▶ _Source data_

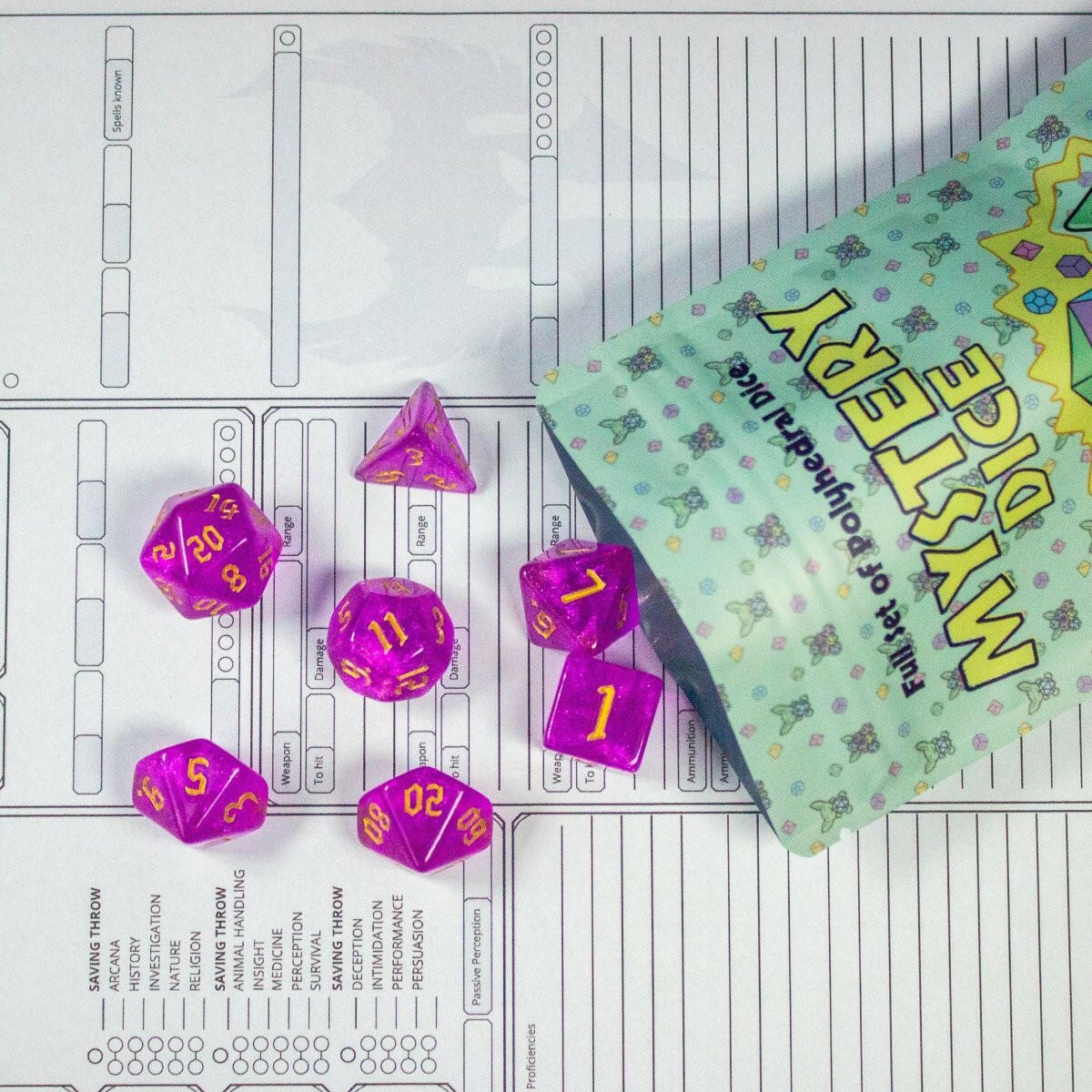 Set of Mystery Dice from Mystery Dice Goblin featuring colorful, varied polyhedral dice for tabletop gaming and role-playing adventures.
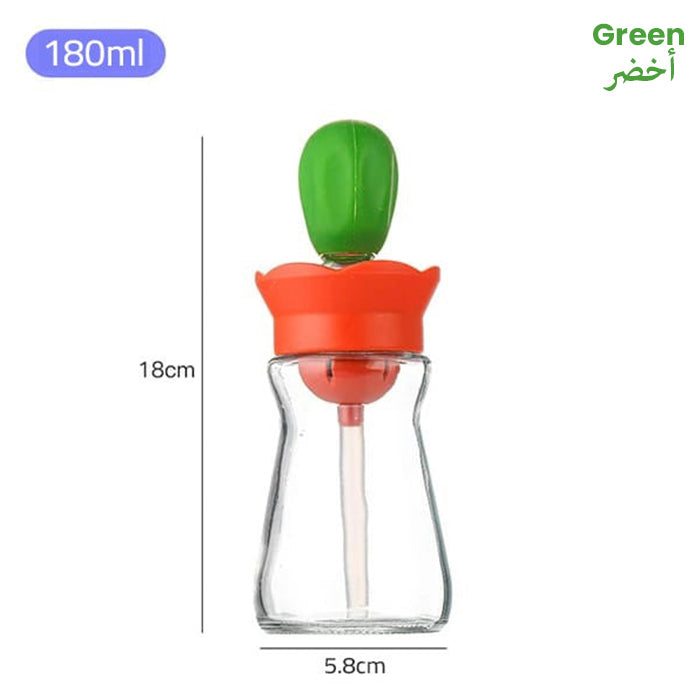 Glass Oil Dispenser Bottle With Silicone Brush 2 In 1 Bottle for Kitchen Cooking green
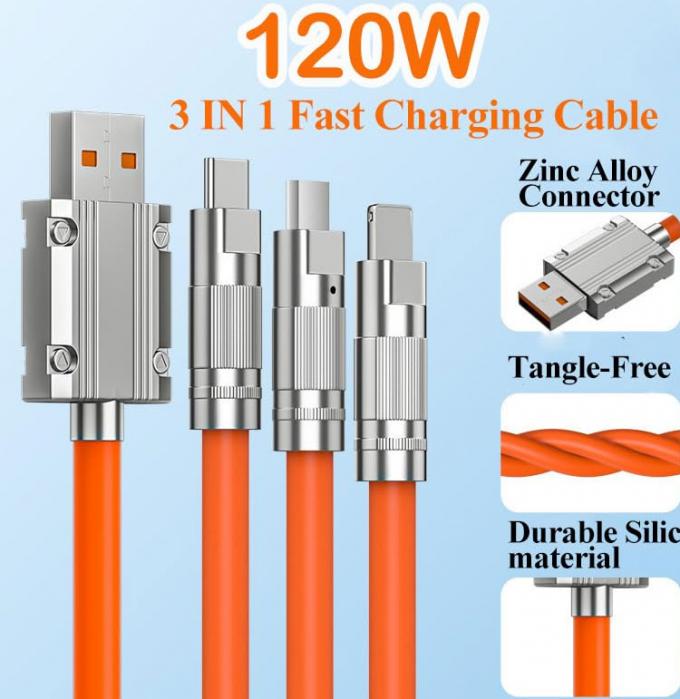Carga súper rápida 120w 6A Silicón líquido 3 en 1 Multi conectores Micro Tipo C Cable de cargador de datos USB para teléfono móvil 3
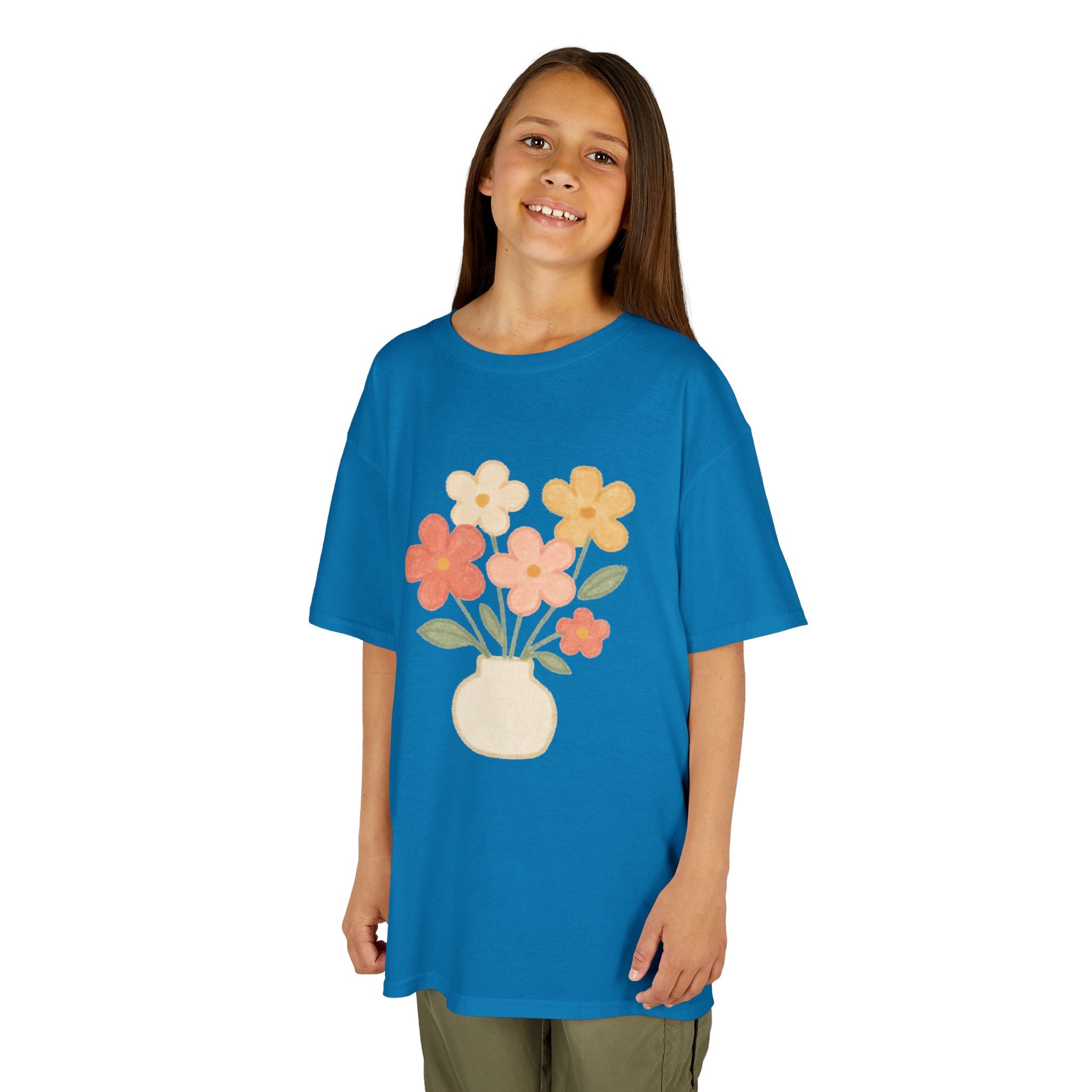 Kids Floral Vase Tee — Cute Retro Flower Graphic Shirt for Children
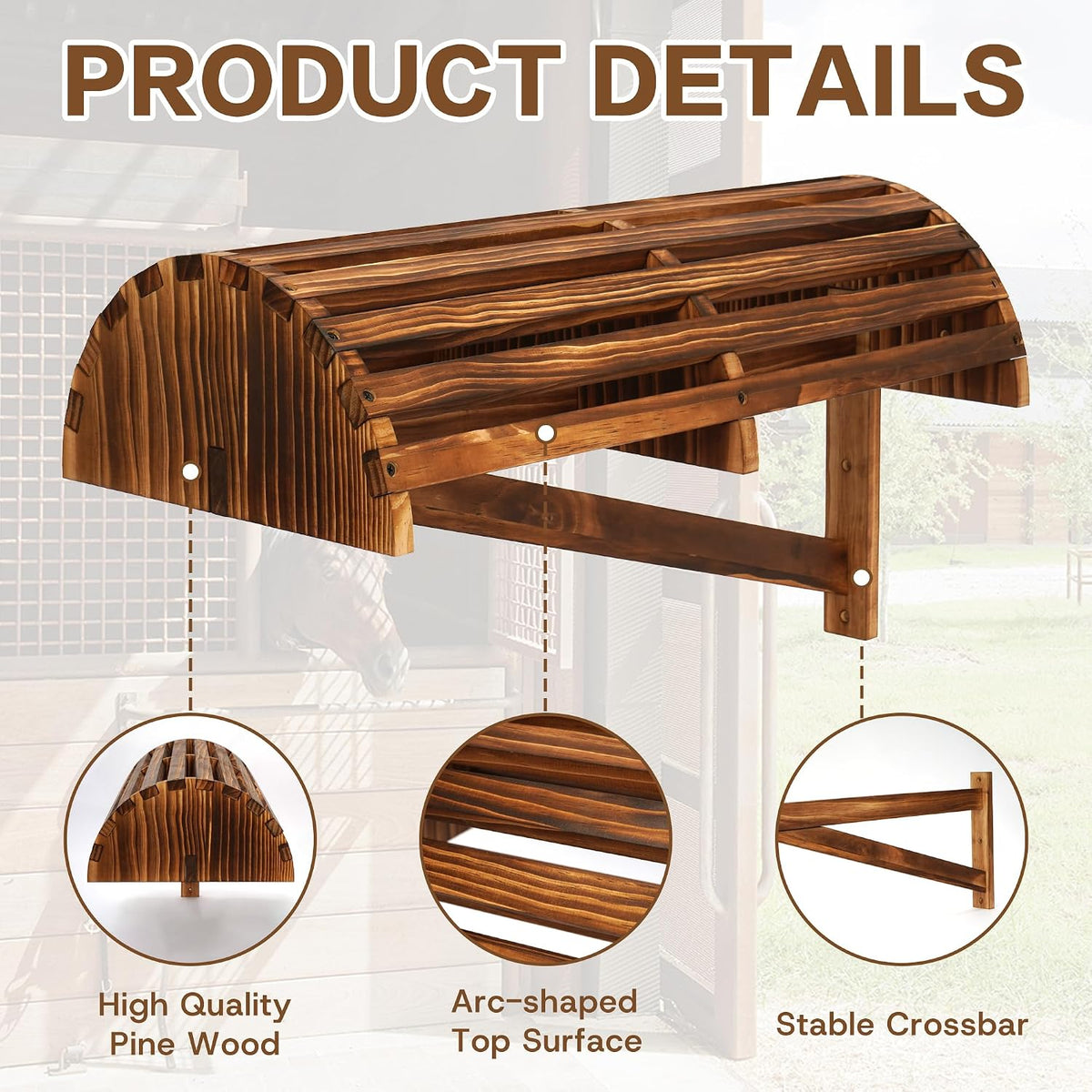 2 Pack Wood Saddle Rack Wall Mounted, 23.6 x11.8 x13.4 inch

▶ _Exercise requirements_
With pictures excluded, the material is to be written out exactly as given.

▶ _Response area_
 Set of Mystery Dice from Mystery Dice Goblin featuring colorful, varied polyhedral dice for tabletop gaming and role-playing adventures.
 Glass Oil Dispenser Bottle With Silicone Brush 2 In 1 Bottle for Kitchen Cooking green
Carga súper rápida 120w 6A Silicón líquido 3 en 1 Multi conectores Micro Tipo C Cable de cargador de datos USB para teléfono móvil 3
 Kids Floral Vase Tee — Cute Retro Flower Graphic Shirt for Children
 2 Pack Wood Saddle Rack Wall Mounted, 23.6 x11.8 x13.4 inch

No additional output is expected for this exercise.